第11話 サポートできたのに
40代後半の頃、サポートできたのにしなかった。後になって、後味の悪い思いをした事があります。
連日の深夜残業(サーヴィス残業)で、自慢の健康体もくたくたに疲れていました。1年以上も月間100時間前後のサーヴィス残業が続いていました。
そんなある日、定刻になり夕食の為、一旦外に出ました。職場から徒歩8分の場所に中華料理店があります。その日は中華にしようと決めて、1人入店しました。割と暇な店で、フロアの広さの割には客は少なめです。
この日は先客は1人で、食事中でした。フロアスタッフは中国人の中年女性が1人です。決めていた料理をオーダーしました。
「味噌ラーメンと餃子を1人前」
8分ぐらいで料理が運ばれてきました。味はまあまあと言うべきか、イマイチと言うべきか?

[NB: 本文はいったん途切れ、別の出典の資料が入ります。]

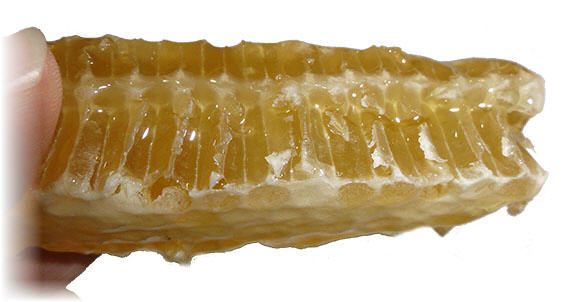 honeycomb image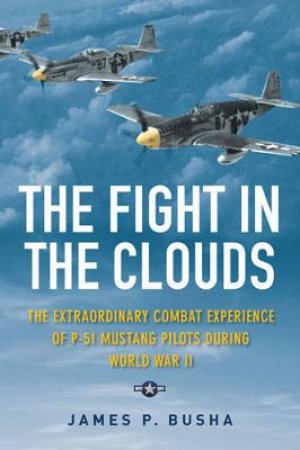 The Fight in the Clouds by James P. Busha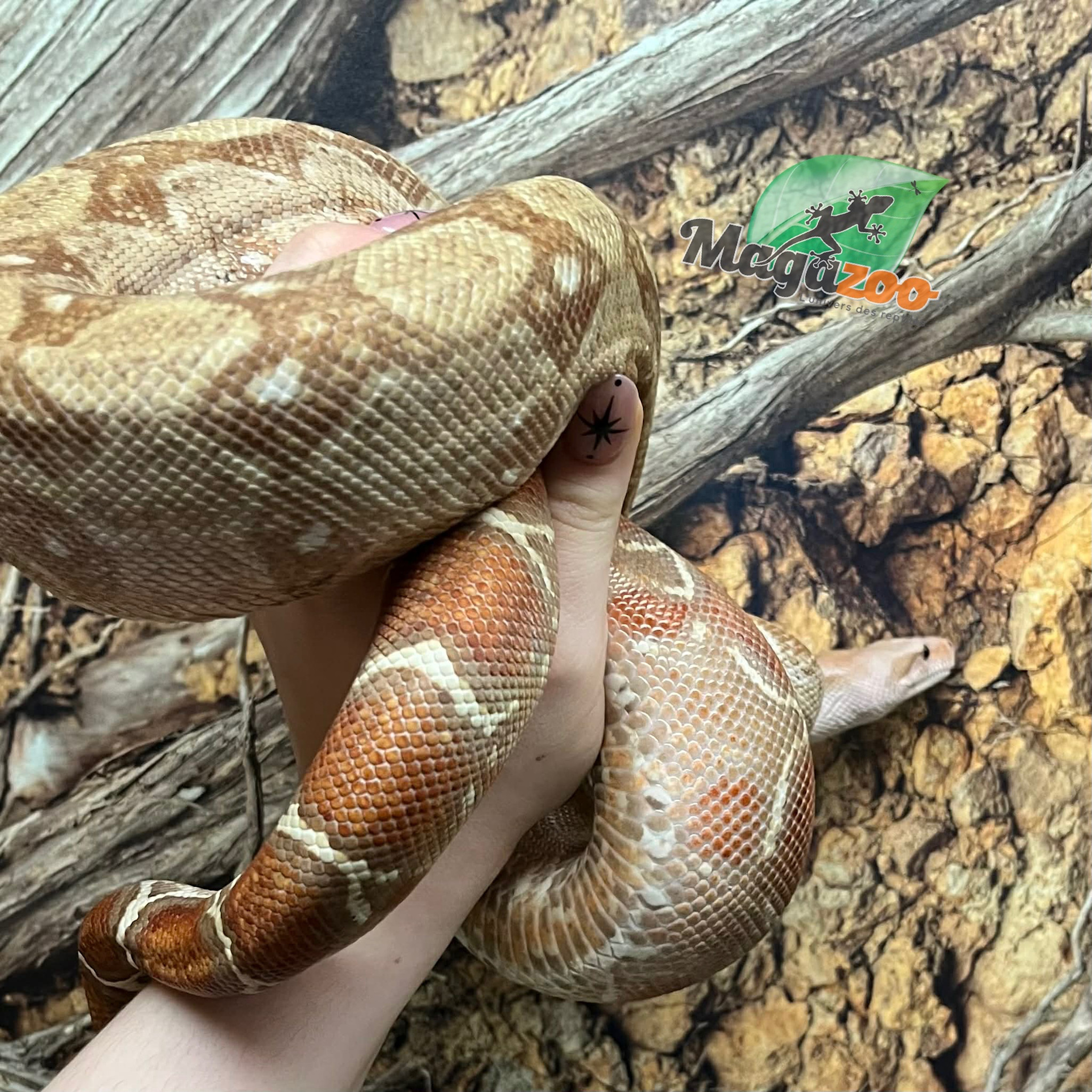Magazoo Boa constrictor (hypo) (approximately 5 years old)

食べ始めてすぐに、新しいお客がやってきました。その人は躊躇なく
「ギョーザにラーメン」
とオーダーしました。やがて料理が運ばれて来ました。それを見てお客は、
「エッ、ギョーザ2つなの?」
対して中国人ウェイトレスは、少し不審そうな様子で
「ギョーザ2つですよ」
お客は訝しげな様子で料理を受け取りました。
2人とも、オーダーの行き違いの理由には気づいてないようでした。
お客は
(ギョーザは1人前で良いのに、2人前が1セットか、ふざけた店だ)
と思った事でしょう。
一方、ウェイトレスは
(2人前注文しておいて、何で不審そうな顔をするんだろう、この客は?)
と思った事だろう。
すぐ近くに居た私は瞬時に気づいたのであるが、身体も頭も疲労困憊だった所為で、声を掛ける気力が出なかった。自分の疲労具合と比べれば、大した事ではないさ。そう思ってノーアクションでした。
私も通常は、『ギョーザに味噌ラーメン』
とオーダーする事が多いです。
それは、『ギョザと…』
よりも言い易いから。
でもフロアスタッフが外国人の場合だと、『味噌ラーメンとギョーザ1人前』
のように、発音に注意しながらゆっくりオーダーします。
海外の一人旅で、自分の英語の発音が悪い所為でミスオーダーになる事が頻繁にあったので。